The 111 has been doing great the last few times I started. One of the front tires keeps deflating, usually I can pump up with no issues and it will either hold until next use or gets deflated. I prop the axle on a couple of 2x4s to keep pressure off the tire when sitting for weeks. Yesterday I was not able to get it to pressure up at all. Finally after pushing around the perimeter and airing up, I finally got it to go. It deflated within a minute this time as soon as I went to move. I did this several times and still no luck. Everything looks ok visually. The stem looks ok and the seal around looks good to me. I may try spraying soap water to see if I can find the leak point. Does anyone have any tips? Do you generally have to replace the tire or stem when this happens? I am not exactly sure how to repair, all other tires are good.


----------



## pogobill (Jan 31, 2012)

If it's been causing you grief for a while, I'd pick up a tube and put that in it.


----------



## kclight01 (Mar 27, 2020)

Nah, I'd rather stay tubeless unless all fails.
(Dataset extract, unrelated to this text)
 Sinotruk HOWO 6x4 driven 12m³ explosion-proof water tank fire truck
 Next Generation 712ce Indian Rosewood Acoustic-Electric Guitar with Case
I cleaned the rim and seal real good and it pumped up good, I'll have to see how if it holds any longer. I've been researching about tire seal slime. Has anyone had luck with that?


----------



## EdF (Sep 15, 2014)

Slime works well. I have it in a number of tires (low speed tires only). Follow directions pertaining to amount to pump into tire.


----------



## kclight01 (Mar 27, 2020)

Ok. I used 4oz tire slime through the valve stem (after taking the core out), rotated the tire a while, aired up, and its been holding 10psi for couple of days, no mess and looks like i have a good bead seal now. I'll have to watch it during next cut.


----------



## Bob Driver (Nov 1, 2017)

I do a *LOT* of tire work in my shop. My personal opinion of Slime is that it is a worse scourge on mankind than crack cocaine. A gooey mess all over the tire machine, tools, and inevitably ME. 

I've started charging customers extra if they've put "snot" in a tire and then want me to work on it. Absolutely HATE that stuff......


----------



## kclight01 (Mar 27, 2020)

Well you chimed in too late, you may have convinced me because I was unsure about the stuff, but I had no issues or mess. Maybe because I took it slow and 4oz was not that much and the leak was not that bad, my seal was pretty good so nothing really oozed out. Still holding.


----------



## Bob Driver (Nov 1, 2017)

I'm probably not so late with my comment that you won't remember what I said if you ever have to change that tire


----------



## bbirder (Feb 26, 2006)

Bob Driver said:


> I do a *LOT* of tire work in my shop. My personal opinion of Slime is that it is a worse scourge on mankind than crack cocaine. A gooey mess all over the tire machine, tools, and inevitably ME.
> 
> I've started charging customers extra if they've put "snot" in a tire and then want me to work on it. Absolutely HATE that stuff......


Bob,
Have you any experience with Flat-out. It is used by the miltary and has no latex, it washes off with water and I find it seals even better than Slime. You can read about it on Amazon.


----------



## Bob Driver (Nov 1, 2017)

bbirder said:


> Bob,
> Have you any experience with Flat-out. It is used by the miltary and has no latex, it washes off with water and I find it seals even better than Slime. You can read about it on Amazon.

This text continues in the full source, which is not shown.